Thursday, January 14, 2010

Finding Your Characters in Questions

Sometimes characters spring to life easily through your fingertips and other times they kind of plod out without much fanfare or dimension. If you're halfway through with your story or struggling to get it going, go back to character. Even if you have a thin plot, you can make a character-driven novel interesting and gripping, as long as you make your MC someone worthy to read about and follow.

You may need to go back to the character drafting board.

You already have your who, but have you asked "what" questions? What questions are pretty generic, just digging into the surface of desire and motivation.

What does she want most?

What is or will be her biggest obstacle in getting it? Internal and external.

What does she do under pressure?

What does she fear most?

What secondary things does she want?

What will stand in her way at getting those desires?

What does she regret, dream about, fixate on, run to or escape with?

What habits enhance or hinder her choices and actions?

Once you've answered several "what" questions, you can delve deeper into the psyche by answering the "whys".

Why does she want to dye her hair pink? Why pink, why not auburn?
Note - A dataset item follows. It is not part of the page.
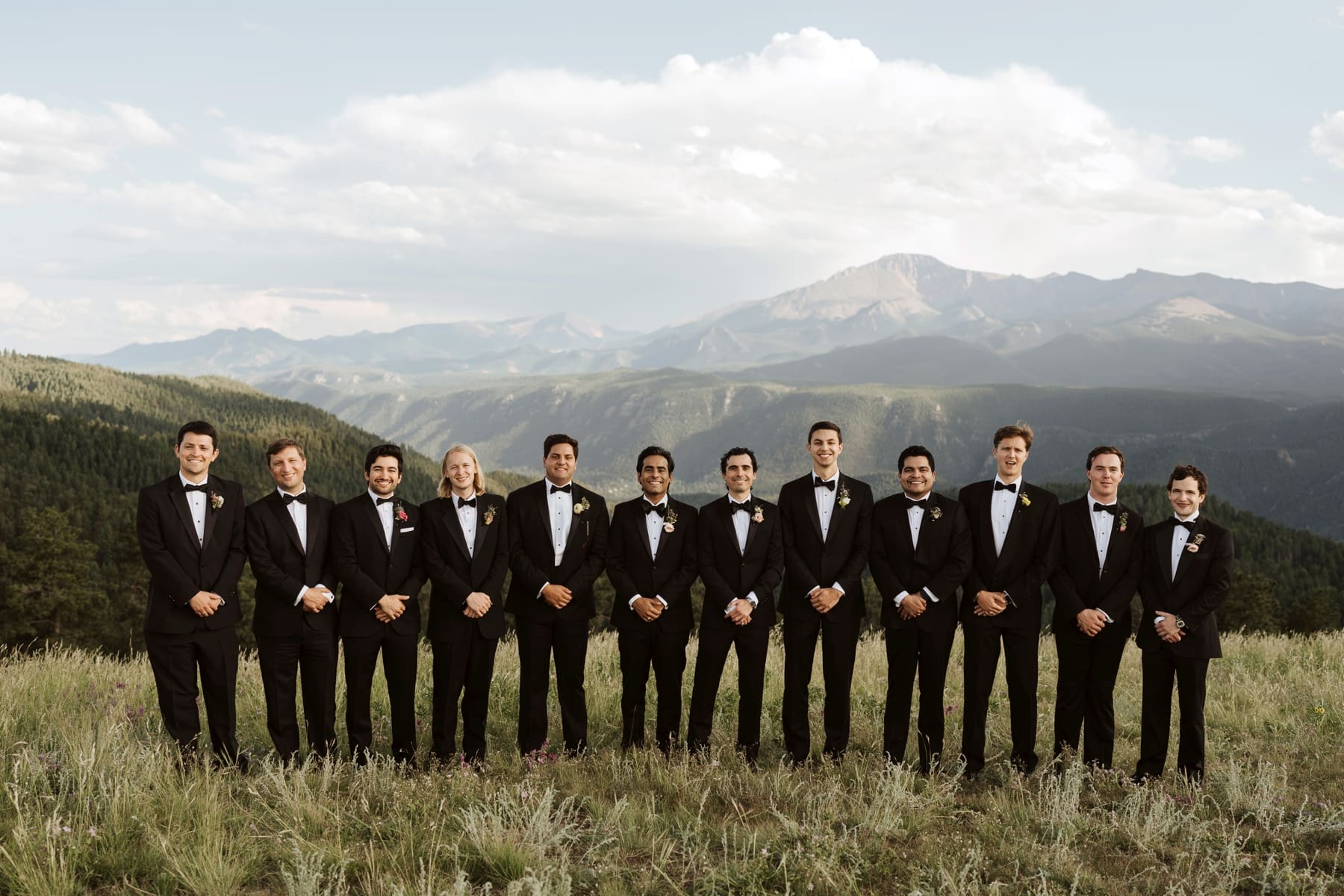 Groom with groomsmen in black tuxes standing in front of mountains at destination Colorado wedding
Why does she hate her father?

Why does she believe she'll never find love?

Why is her room painted black?

Why does she want revenge?

Answering those questions will give you a more fully developed character and spawn other questions and surprise you with things you didn't know. Once you know who your character is, what they want and why, brainstorm the hows, which takes everything you learn and puts it into action. Discovering the hows is the best way you show character rather than tell.
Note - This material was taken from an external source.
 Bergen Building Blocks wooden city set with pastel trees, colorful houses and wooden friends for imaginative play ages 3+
How will she get the attention of the millionaire when he has that selfish twit Bambi on his arm?

How will she get home or to some place safe when her car dies in the middle of nowhere, at night?

How will she get away from her kidnappers?

How will she accomplish her goal?

How will she deal with moving to a new locale?

It makes an even better story if your characters fail in their hows, if things go awry or set her three steps back. So brainstorm the "hows" of destruction and deterrence as well.

Once you answer questions as such, your characters will cease to be flat; they'll be well-rounded and seemingly real, and in knowing them so deeply, you'll then be able to build a more gripping plot in the same creative breath. Anyone can tell the difference between a stick figure and a flesh-and-blood person. Aim to create characters on the later end of the spectrum, then those babies of yours will be unforgettable.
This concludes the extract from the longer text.